Pleas for disabled British man facing execution in China

By staff writers
December 27, 2009

Relatives of a British man facing execution for drug smuggling in China have arrived in the country to make last-minute appeals to authorities for mercy, with his execution due on 29 December 2009.

Akmal Shaikh, aged 53, from London, faces the death penalty after he was convicted of smuggling heroin. But he suffers from bipolar disorder and those close to him say they are sure that he was tricked into carrying the drugs.

His daughter made a recent appeal for clemency on BBC Radio 4 and his cousins, Soohail and Nasir Shaikh, now plan to deliver a plea on his behalf to President Hu Jintao.

Mr Shaikh's supporters are highlighting his mental disability and the UK Prime Minister, Gordon Brown, has asked the Chinese authorities to show mercy.

The BBC reports that British consular staff have also flown to the Chinese region of Xinjiang to see the condemned Briton and discuss his case with local officials.

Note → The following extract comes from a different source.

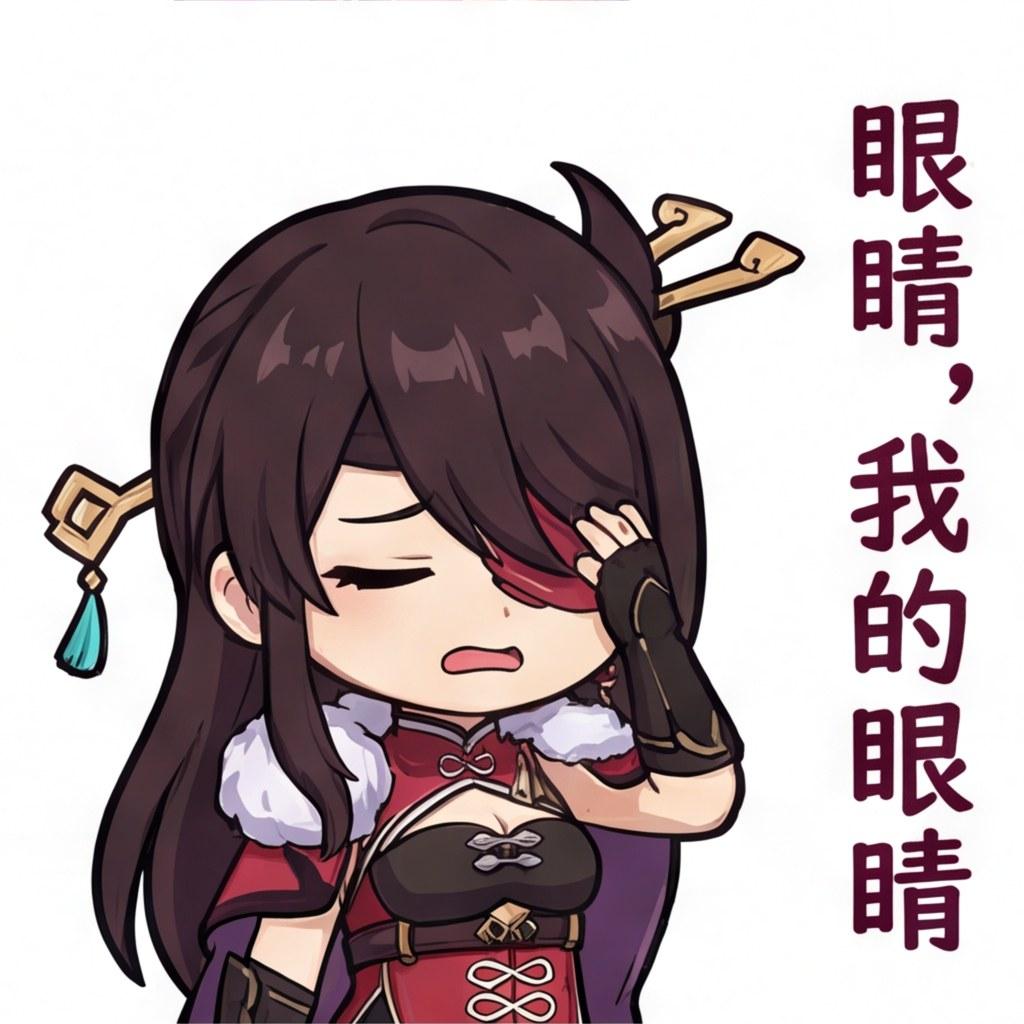 眼睛，我的眼睛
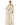 Formal Dresses Long Sequined V Neck Cape Sleeve Dress Nude Silver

The legal charity Reprieve, which has taken up the case, said Mr Shaikh's cousins left the UK on Saturday 26 December. They will deliver petitions seeking a legal review to China's Supreme People's Court and to the local court in the north-western city of Urumqi where Mr Shaikh was arrested in September 2007.

Reprieve said the men, who are brothers, also planned to appeal to China's president and to the Standing Committee of the National People's Congress, which is responsible for considering petitions for pardon or clemency.

China executed 1,718 people in 2008, according to Amnesty International. Last year 72 per cent of the world's total executions took place in the country. Capital punishment is even applied in non-violent cases such as embezzlement and fraud.